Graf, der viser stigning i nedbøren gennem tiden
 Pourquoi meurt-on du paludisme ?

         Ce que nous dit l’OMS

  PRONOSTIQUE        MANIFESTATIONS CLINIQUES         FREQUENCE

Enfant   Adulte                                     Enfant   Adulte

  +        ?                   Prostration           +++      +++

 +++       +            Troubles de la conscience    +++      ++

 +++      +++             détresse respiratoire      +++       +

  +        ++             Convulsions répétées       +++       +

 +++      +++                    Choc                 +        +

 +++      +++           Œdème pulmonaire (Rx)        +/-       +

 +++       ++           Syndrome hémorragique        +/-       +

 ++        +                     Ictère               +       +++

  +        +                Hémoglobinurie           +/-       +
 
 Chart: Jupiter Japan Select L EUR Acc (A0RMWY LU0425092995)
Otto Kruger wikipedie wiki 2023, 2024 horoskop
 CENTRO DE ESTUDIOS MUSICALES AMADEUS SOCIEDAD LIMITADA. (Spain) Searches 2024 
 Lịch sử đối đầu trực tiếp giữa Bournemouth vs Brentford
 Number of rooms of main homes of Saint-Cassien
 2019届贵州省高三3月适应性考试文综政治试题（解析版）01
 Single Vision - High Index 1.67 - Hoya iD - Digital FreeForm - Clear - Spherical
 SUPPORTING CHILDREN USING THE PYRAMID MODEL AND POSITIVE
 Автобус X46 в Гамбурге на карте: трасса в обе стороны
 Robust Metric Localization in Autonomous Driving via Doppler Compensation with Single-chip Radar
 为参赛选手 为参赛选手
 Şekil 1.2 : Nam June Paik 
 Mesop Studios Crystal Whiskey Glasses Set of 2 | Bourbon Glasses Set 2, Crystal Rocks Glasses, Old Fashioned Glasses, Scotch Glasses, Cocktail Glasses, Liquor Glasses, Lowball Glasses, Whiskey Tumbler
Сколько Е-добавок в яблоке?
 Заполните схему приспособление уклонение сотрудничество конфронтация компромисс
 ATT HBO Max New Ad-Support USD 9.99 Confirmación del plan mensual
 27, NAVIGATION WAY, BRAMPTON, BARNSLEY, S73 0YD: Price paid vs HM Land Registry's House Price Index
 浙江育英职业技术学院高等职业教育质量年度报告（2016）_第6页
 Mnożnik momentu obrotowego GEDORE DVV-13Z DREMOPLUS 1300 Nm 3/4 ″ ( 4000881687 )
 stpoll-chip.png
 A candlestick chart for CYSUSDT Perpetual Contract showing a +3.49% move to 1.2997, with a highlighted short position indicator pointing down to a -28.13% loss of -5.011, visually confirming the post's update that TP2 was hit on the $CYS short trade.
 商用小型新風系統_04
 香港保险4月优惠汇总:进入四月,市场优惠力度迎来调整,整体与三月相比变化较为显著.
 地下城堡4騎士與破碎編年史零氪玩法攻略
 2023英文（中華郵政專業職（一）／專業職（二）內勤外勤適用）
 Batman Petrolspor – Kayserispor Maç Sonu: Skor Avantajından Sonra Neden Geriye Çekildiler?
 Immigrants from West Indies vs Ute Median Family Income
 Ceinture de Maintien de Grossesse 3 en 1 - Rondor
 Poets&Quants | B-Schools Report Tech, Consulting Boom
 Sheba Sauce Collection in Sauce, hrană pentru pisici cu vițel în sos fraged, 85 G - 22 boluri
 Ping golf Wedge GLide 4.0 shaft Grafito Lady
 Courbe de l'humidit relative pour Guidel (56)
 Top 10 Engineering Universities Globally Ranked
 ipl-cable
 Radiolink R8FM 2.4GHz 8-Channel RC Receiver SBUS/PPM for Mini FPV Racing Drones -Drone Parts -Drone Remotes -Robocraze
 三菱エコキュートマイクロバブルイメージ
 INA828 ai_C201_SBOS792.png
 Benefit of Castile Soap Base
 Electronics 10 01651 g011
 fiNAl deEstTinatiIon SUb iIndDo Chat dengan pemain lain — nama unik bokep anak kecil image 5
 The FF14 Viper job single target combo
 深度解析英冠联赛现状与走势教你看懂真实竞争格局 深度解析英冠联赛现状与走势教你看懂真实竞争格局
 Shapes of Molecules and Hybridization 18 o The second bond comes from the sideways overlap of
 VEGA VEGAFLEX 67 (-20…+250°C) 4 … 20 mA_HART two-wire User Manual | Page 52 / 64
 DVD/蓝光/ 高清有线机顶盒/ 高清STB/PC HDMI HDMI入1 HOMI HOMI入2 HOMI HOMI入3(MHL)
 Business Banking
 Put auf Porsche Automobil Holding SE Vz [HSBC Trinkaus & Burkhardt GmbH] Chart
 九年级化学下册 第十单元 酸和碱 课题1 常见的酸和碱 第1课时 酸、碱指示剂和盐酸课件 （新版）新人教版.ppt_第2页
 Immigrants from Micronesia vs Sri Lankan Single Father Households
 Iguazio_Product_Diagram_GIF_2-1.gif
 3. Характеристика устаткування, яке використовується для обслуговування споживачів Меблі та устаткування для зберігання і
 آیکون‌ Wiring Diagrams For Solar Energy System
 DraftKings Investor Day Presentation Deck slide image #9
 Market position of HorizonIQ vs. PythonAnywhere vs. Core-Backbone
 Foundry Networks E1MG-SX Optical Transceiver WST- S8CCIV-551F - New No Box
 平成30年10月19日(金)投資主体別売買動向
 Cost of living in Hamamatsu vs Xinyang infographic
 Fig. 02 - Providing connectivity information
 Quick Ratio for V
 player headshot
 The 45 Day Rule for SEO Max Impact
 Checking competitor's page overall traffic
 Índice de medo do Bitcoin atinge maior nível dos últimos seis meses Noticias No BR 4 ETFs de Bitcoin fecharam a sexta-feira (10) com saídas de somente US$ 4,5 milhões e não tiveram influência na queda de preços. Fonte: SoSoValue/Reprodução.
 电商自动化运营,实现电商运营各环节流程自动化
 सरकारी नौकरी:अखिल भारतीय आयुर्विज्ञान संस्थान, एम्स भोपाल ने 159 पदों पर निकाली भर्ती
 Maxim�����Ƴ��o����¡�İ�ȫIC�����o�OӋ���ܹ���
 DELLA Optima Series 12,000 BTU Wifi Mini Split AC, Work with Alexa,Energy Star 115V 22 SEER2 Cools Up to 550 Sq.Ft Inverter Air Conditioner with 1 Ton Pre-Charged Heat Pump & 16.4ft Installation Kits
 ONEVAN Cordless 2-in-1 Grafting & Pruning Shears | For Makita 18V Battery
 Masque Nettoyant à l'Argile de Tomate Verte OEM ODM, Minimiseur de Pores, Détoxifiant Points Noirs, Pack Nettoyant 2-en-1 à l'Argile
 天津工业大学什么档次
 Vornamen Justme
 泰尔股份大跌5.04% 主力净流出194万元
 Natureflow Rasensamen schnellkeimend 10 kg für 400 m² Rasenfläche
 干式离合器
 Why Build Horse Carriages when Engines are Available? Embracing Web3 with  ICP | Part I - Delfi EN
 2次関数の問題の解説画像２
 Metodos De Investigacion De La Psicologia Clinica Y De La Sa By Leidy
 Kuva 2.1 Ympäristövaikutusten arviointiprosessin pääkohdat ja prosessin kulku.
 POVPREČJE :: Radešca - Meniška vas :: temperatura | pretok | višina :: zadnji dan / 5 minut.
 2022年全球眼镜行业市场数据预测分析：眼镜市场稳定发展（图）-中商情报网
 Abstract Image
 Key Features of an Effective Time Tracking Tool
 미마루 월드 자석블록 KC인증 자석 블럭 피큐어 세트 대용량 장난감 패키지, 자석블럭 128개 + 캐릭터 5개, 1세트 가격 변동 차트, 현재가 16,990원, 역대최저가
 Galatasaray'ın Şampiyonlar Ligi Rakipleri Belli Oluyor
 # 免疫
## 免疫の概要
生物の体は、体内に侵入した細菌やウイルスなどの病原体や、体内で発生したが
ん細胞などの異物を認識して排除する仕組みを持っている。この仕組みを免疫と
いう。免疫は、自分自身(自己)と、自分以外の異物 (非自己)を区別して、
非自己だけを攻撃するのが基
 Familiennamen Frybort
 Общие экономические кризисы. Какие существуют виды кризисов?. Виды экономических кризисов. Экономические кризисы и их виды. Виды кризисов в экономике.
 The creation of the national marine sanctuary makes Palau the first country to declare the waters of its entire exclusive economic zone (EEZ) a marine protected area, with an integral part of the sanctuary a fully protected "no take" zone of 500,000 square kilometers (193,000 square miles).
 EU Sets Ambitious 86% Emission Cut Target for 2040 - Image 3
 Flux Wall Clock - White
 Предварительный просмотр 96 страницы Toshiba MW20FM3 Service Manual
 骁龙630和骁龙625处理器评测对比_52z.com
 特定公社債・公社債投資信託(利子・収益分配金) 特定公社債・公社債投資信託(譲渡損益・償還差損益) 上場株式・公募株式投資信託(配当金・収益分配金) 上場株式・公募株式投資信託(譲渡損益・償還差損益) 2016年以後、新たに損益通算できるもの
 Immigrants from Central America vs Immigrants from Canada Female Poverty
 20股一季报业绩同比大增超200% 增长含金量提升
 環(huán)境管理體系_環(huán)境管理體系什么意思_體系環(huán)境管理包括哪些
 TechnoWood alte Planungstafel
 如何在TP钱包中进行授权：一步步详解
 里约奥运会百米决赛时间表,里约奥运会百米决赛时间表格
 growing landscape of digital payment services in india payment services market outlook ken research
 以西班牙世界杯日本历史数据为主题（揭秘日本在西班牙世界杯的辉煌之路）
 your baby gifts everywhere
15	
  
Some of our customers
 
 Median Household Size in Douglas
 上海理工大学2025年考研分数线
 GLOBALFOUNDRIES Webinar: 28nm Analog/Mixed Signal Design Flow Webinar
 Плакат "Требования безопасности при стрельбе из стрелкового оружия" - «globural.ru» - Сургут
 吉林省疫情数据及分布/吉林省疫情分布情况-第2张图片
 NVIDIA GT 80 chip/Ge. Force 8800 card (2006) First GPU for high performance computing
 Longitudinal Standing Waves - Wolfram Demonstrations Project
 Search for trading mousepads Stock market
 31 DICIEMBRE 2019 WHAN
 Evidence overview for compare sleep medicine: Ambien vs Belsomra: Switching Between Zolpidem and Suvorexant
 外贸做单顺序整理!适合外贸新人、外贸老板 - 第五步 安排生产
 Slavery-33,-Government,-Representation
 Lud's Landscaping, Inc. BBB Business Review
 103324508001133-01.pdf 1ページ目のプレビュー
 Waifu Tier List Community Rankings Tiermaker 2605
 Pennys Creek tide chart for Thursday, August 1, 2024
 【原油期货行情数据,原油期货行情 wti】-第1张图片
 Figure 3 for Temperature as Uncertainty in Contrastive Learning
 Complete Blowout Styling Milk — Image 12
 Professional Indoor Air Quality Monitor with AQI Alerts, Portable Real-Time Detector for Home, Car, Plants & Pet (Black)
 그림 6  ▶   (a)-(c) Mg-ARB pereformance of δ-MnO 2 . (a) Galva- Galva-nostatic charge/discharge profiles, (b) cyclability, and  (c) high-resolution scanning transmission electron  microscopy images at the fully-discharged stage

----------

#### Problem statement
Retype only the lines running from the top of the listing to the line that holds "2019届贵州省高三3月适应性考试文综政治试题（解析版）01", both ends included.

#### Written solution
Graf, der viser stigning i nedbøren gennem tiden
 Pourquoi meurt-on du paludisme ?

         Ce que nous dit l’OMS

  PRONOSTIQUE        MANIFESTATIONS CLINIQUES         FREQUENCE

Enfant   Adulte                                     Enfant   Adulte

  +        ?                   Prostration           +++      +++

 +++       +            Troubles de la conscience    +++      ++

 +++      +++             détresse respiratoire      +++       +

  +        ++             Convulsions répétées       +++       +

 +++      +++                    Choc                 +        +

 +++      +++           Œdème pulmonaire (Rx)        +/-       +

 +++       ++           Syndrome hémorragique        +/-       +

 ++        +                     Ictère               +       +++

  +        +                Hémoglobinurie           +/-       +
 
 Chart: Jupiter Japan Select L EUR Acc (A0RMWY LU0425092995)
Otto Kruger wikipedie wiki 2023, 2024 horoskop
 CENTRO DE ESTUDIOS MUSICALES AMADEUS SOCIEDAD LIMITADA. (Spain) Searches 2024 
 Lịch sử đối đầu trực tiếp giữa Bournemouth vs Brentford
 Number of rooms of main homes of Saint-Cassien
 2019届贵州省高三3月适应性考试文综政治试题（解析版）01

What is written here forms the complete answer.